Twentieth Century is a 1932 play by Ben Hecht and Charles MacArthur based on the unproduced play Napoleon of Broadway by Charles B. Millholland, inspired by his experience working for the eccentric Broadway impresario David Belasco.

Synopsis
The Hecht-MacArthur comedy is set in the observation car of the 20th Century Limited, travelling from Chicago to New York's Grand Central Terminal. Aboard the luxury train are egomaniacal theatre producer Oscar Jaffe, desperately in need of a hit, and his former paramour and protégé, temperamental actress Lily Garland (born Mildred Plotka), who abandoned him for a Hollywood career.

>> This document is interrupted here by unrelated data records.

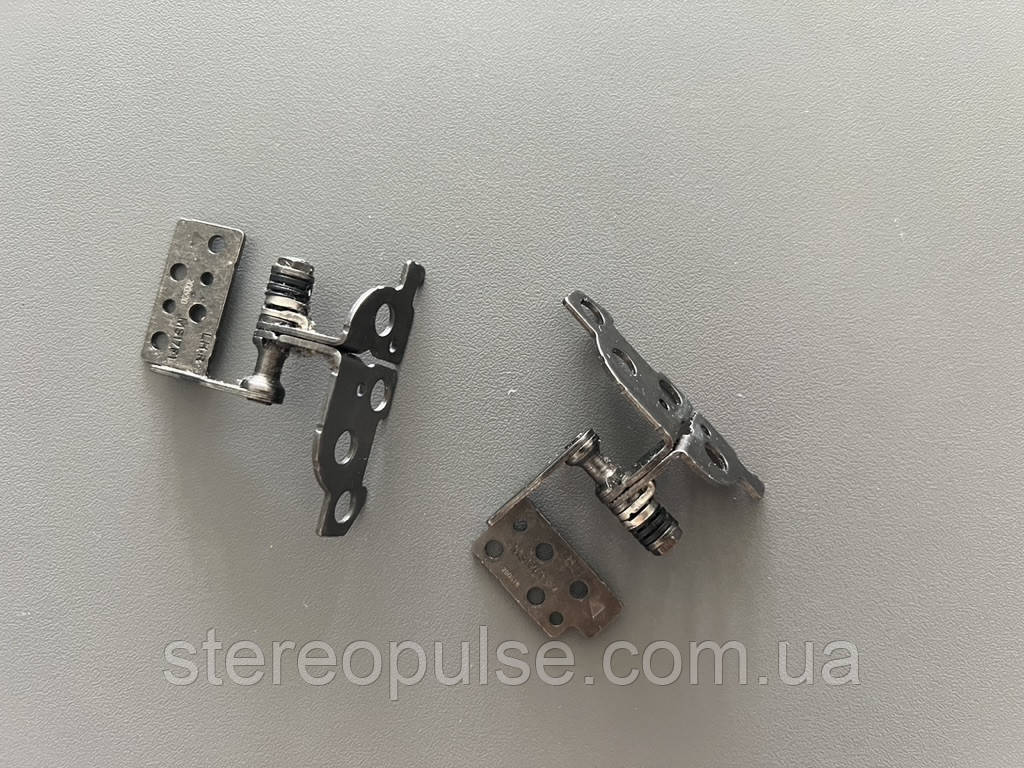 Петлі матриці для ноутбука MSI GF75 (MS-17F3) Original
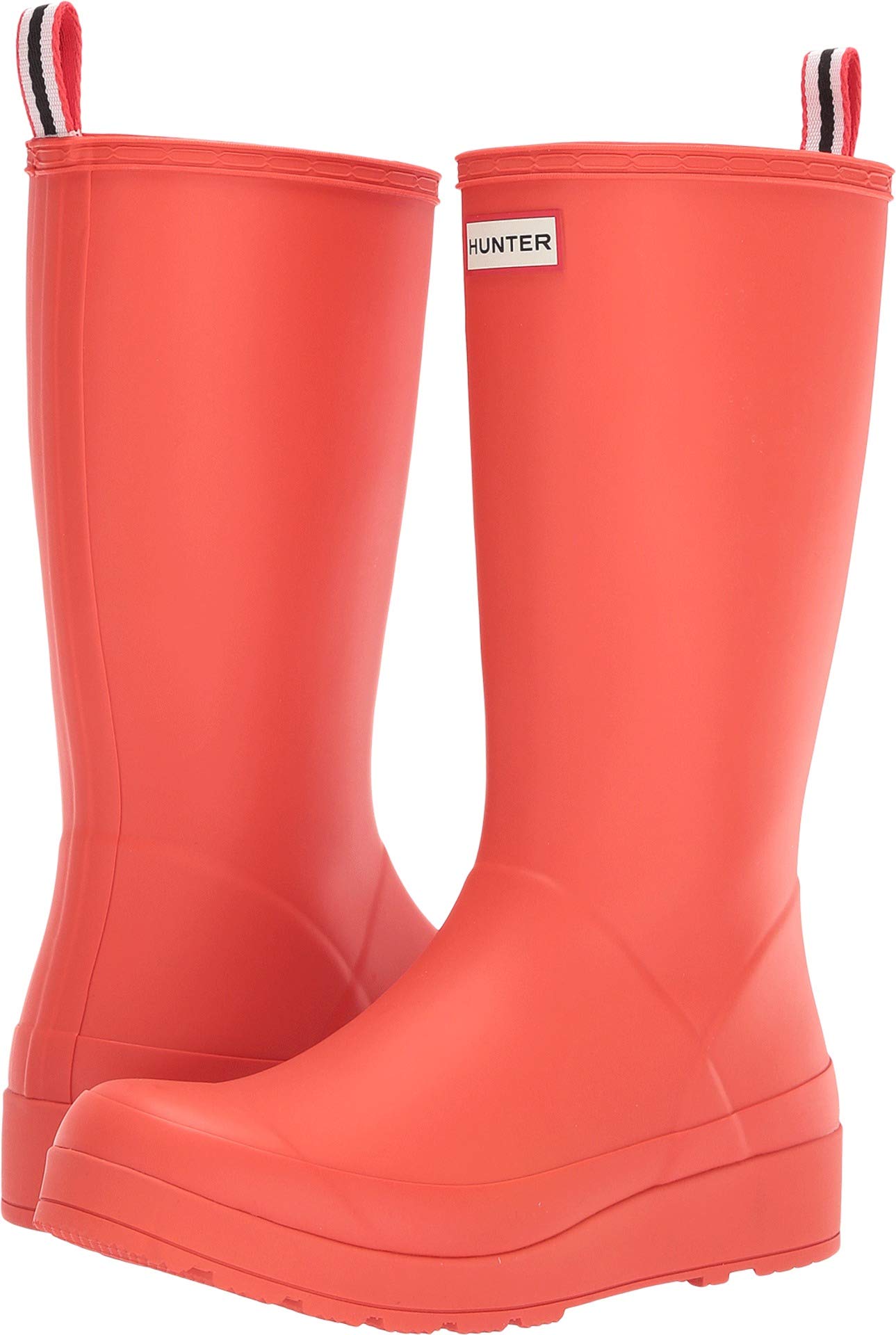 Hunter womens Hunter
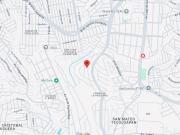 CASA EN VENTA AV. HACIENDA TARIMORO 42 LOMAS DE LA...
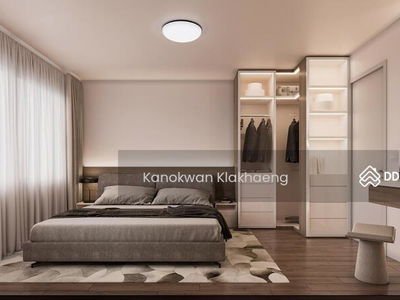 Indy Bangna km.7(1), Samut Prakan, Thailand Indy Bangna km.7(1), Samut Prakan, Thailand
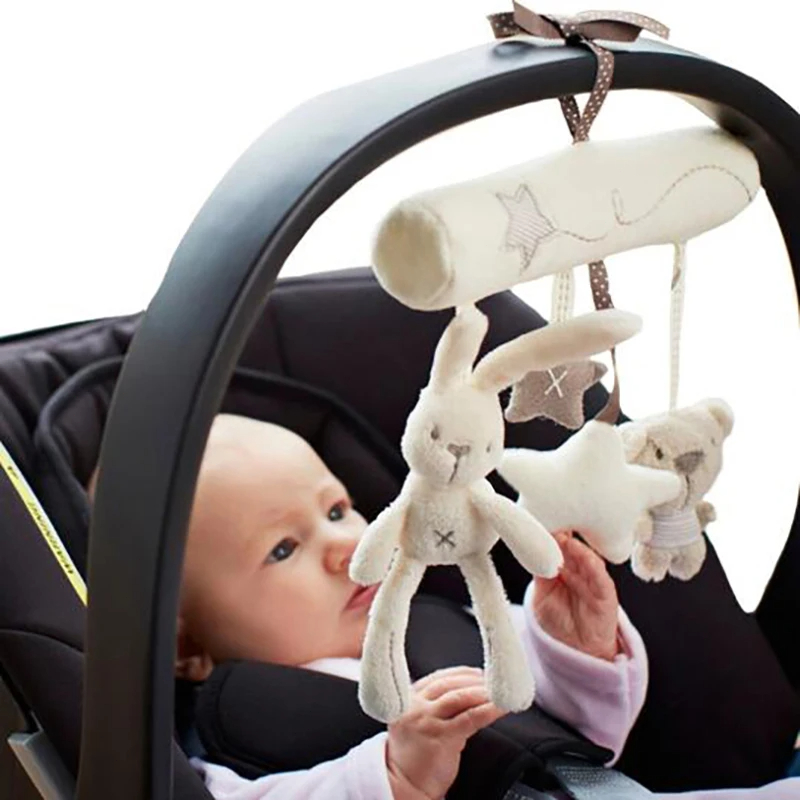 2025 New Hanging Bed Rabbit Ba - Carriage Bed 评论和价格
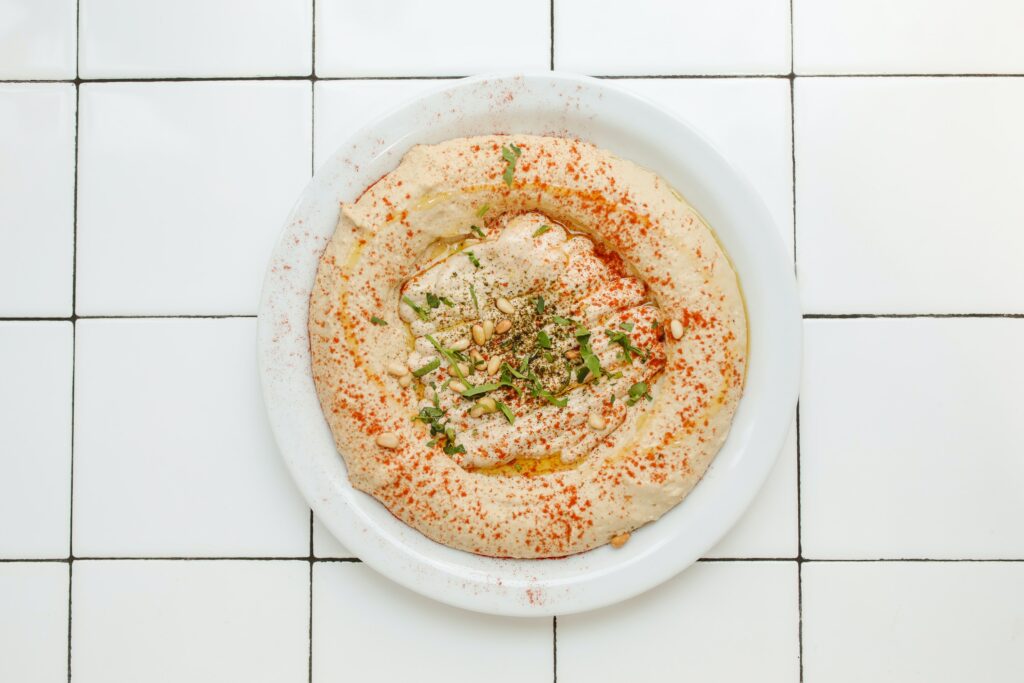 hummus-2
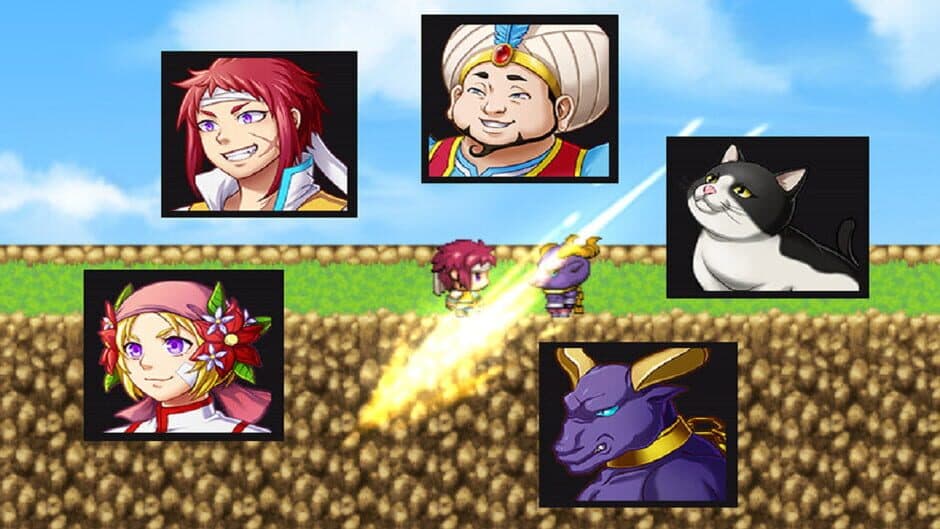 生物知识格斗大赛 banner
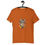 Thumbnail: Mario Autumn T-Shirt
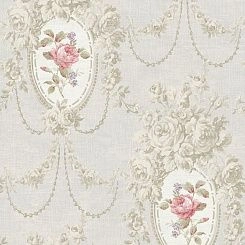 Обои Architector Vintage Charm
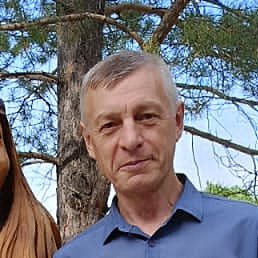 �������, ��������, 62 ����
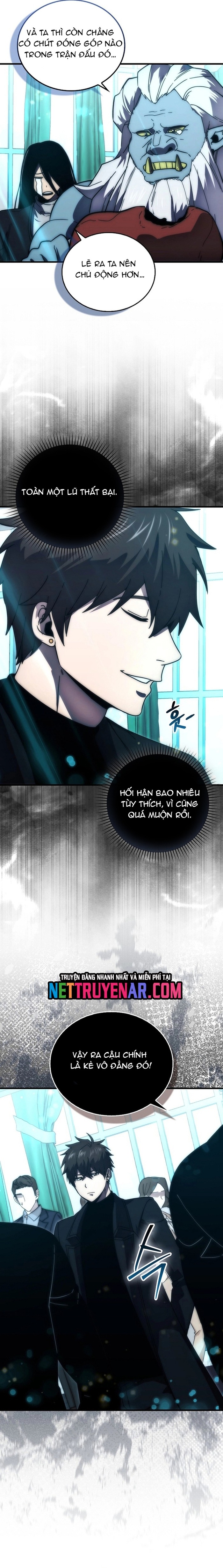 Chương 116 - Trang 11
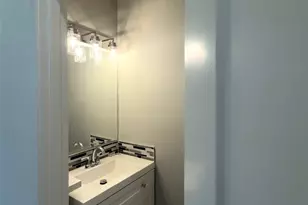 648 SW 139th St, Burien, WA 98166 - Photo 9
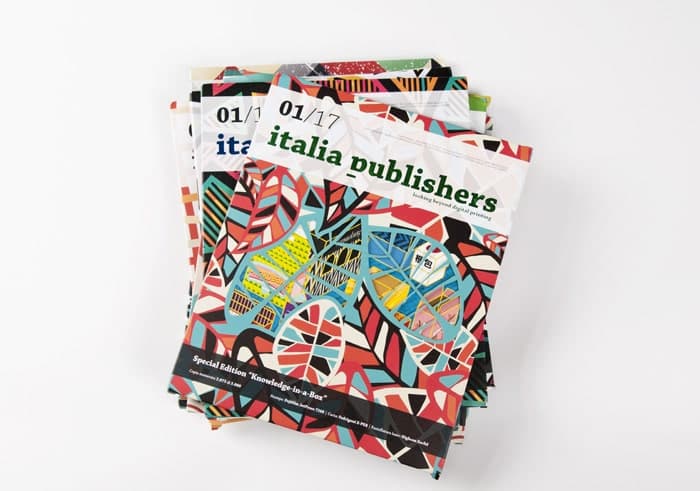 scatole-astuccio-personalizzate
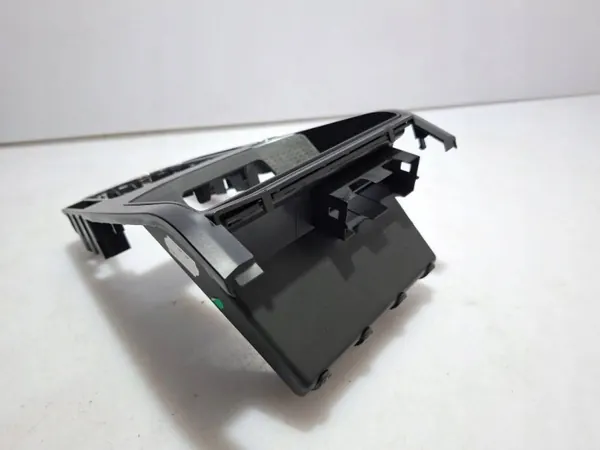 Cadre de levier de vitesse SEAT OE OEM 6F0863283N image 7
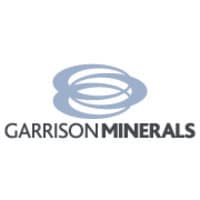 GARRISON MINERALS LLC
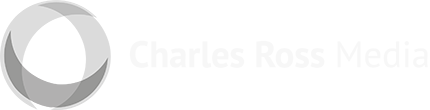 Charles Ross logo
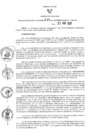 Vista preliminar de documento RES-731-2021-GR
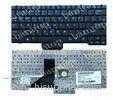 Track Point Stick Small Custom Korean Keyboards Compatible HP 2530P 2510P Series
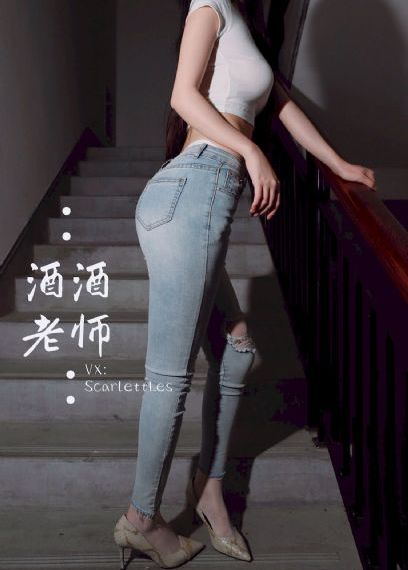 md在线观看_BD神马影院在线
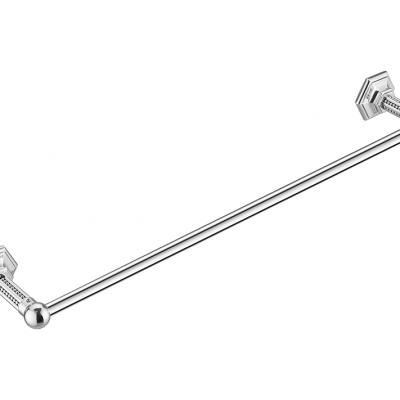 Towel Rack YSTR-008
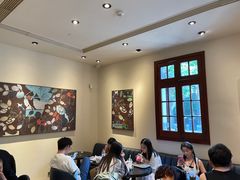 -星巴克臻选(思南公馆店)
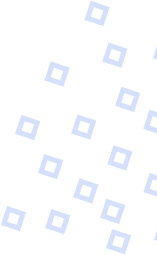 Filler_Image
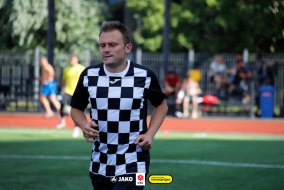 <a href="https://st.getinfootball.com/albums/1089416/66aa829ea1623_1920.jpg" target="_blank">Завантажити оригінал</a>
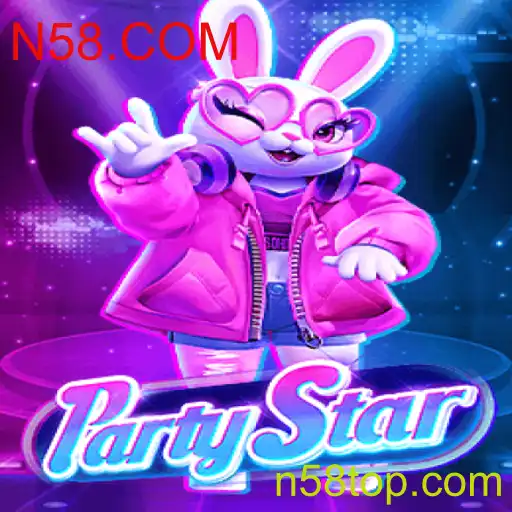 Tudo sobre o emocionante jogo PartyStar: Descrição, Introdução e Regras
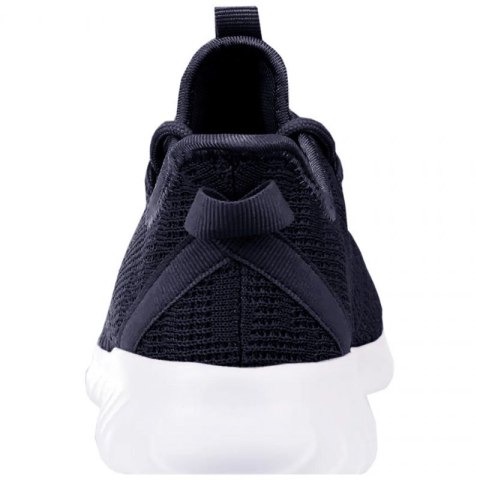 Buty Kappa Capilot 242961 6710 Buty Kappa Capilot 242961 6710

Oscar is determined to sign her for his new show, and Lily is just as determined to ignore his advances, both professional and personal.

Productions
The first Broadway production, directed by George Abbott, opened on December 29, 1932 at the Broadhurst Theatre, where it ran for 152 performances.  Moffat Johnston and Eugenie Leontovich were the stars, with William Frawley in a featured role. It was adapted for a critically acclaimed film adaptation of the same name two years later.

The play has been revived on Broadway twice. The first, directed by José Ferrer, opened on December 24, 1950 at the ANTA Playhouse, where it ran for 233 performances. The production starred Ferrer as Oscar and Gloria Swanson, who designed her own gowns, as Lily. Werner Klemperer and Edward Platt were also in the cast.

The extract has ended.